You have 180 days to enter Mexico (only once), then 30 days to apply to INM for finalization of your application and issuance of your Residente Permanente card. You cannot exit Mexico until it is issued, and it can take longer than you may expect. Once issued, you may ship personal goods to Mexico within six months, I think, and olny that once.
On your first single entry, you can bring what you can carry with you; seldom any problems there, except for the fact that you probably will not be driving, unless you have already got a Mexican plated car.


----------



## chuck4430 (Nov 25, 2012)

RVGRINGO said:


> You have 180 days to enter Mexico (only once), then 30 days to apply to INM for finalization of your application and issuance of your Residente Permanente card. You cannot exit Mexico until it is issued, and it can take longer than you may expect.


Please check your facts on leaving Mexico while waiting for your credentials. In the Jan-Feb timeframe, when we were going through our RP process, we ran into several people who were at the INM office to request permission to leave while waiting for their process to complete. There was a fee associated with that request and another fee to re-enter Mexico. There may be a time limit for your trip and you need to report to INM on your return. I've heard some people even got lucky and their cards were ready for them when they went back to report their return.


----------



## chuck4430 (Nov 25, 2012)

Deberman said:


> I have recently acquired my Residente Permanente. I have my personal belongings in Houston and are having a home I bought in SMA refurbished. How long can I wait to bring in my personal belongings. I think it used to be 6 months but don't know if this has changed with the new rules.
> 
> Anyone know the answer to this?
> 
> ...


Are you planning on asking the consulate to approve a menaje ? When we came down in January we had our menaje and all our stuff with us (trailer) when we crossed the border - day 1. We just weren't in a position to live without our stuff for who knows how long while we waited for our INM process to complete. I don't know how other people handle that...

Here's a link to an Aduana page that talks some about the menaje. And here is a short (google translated) mention of timeframes. In your case what concerns me is their use of the word 'arrived' rather than mention of obtaining your plastic credentials.

"Household items can be made within three months prior to the entrance of the country concerned or their removal thereof, or within six months after the date on which it arrived or departed."

http://www.aduanas.gob.mx/aduana_mexico/2008/tramites/140_10413.html

Good luck.


----------



## Deberman (Jun 27, 2013)

*Thanks*



RVGRINGO said:


> You have 180 days to enter Mexico (only once), then 30 days to apply to INM for finalization of your application and issuance of your Residente Permanente card.
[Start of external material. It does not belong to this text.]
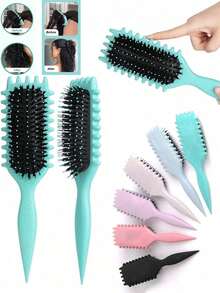 1 buah Sisir Pengeriting Rambut, Sisir Penata Rambut - Sisir Nilon Anti-Statis, Cocok untuk Rambut Keriting. Efek Pengeritingan Halus dan Alami, Mengurangi Rambut Kusut dan Ujung Bercabang. Unisex. - MultiWarna - View 2
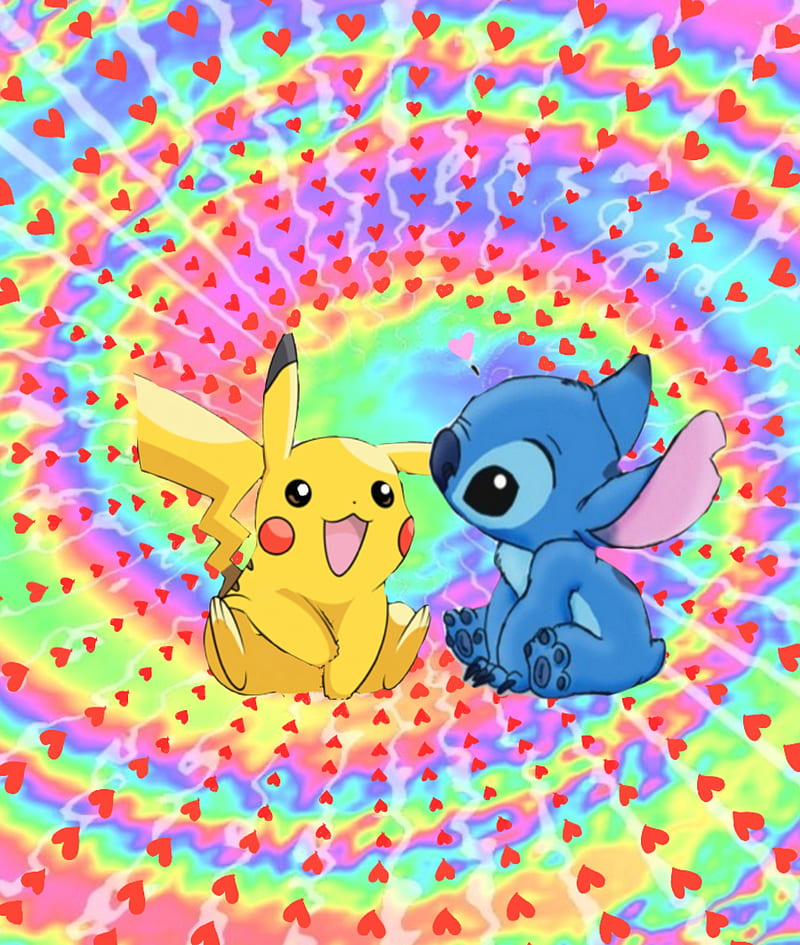Pikastitch, cute, love, pikachu, stitch, HD phone wallpaper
You cannot exit Mexico until it is issued, and it can take longer than you may expect. Once issued, you may ship personal goods to Mexico within six months, I think, and olny that once.
> On your first single entry, you can bring what you can carry with you; seldom any problems there, except for the fact that you probably will not be driving, unless you have already got a Mexican plated car.


Thank you for the information. You wrote that I have up to 6 months ship my personal belongings into Mexico but it seemed you were not certain on the time frame because you wrote "i think". That's the question that I must be sure of because if I wait for say 4 months before I ship my stuff, and I really only have three months to bring it in, then I will be in trouble. I know the time frame in 2012 used to be 6 months but with all the new regulations it might have changed. So are you certain that I have 6 months to bring my stuf in?


----------



## Deberman (Jun 27, 2013)

Thank for the info!

Very confusing. The translations are not very good. I just want to know if I have 3 or 6 months to bring in my personal belongings. If it's 3 months I will need to store it somewhere until the house is ready to move in.

Dberman


----------



## AlanMexicali (Jun 1, 2011)

Deberman said:


> Thank you for the information. You wrote that I have up to 6 months ship my personal belongings into Mexico but it seemed you were not certain on the time frame because you wrote "i think". That's the question that I must be sure of because if I wait for say 4 months before I ship my stuff, and I really only have three months to bring it in, then I will be in trouble. I know the time frame in 2012 used to be 6 months but with all the new regulations it might have changed. So are you certain that I have 6 months to bring my stuf in?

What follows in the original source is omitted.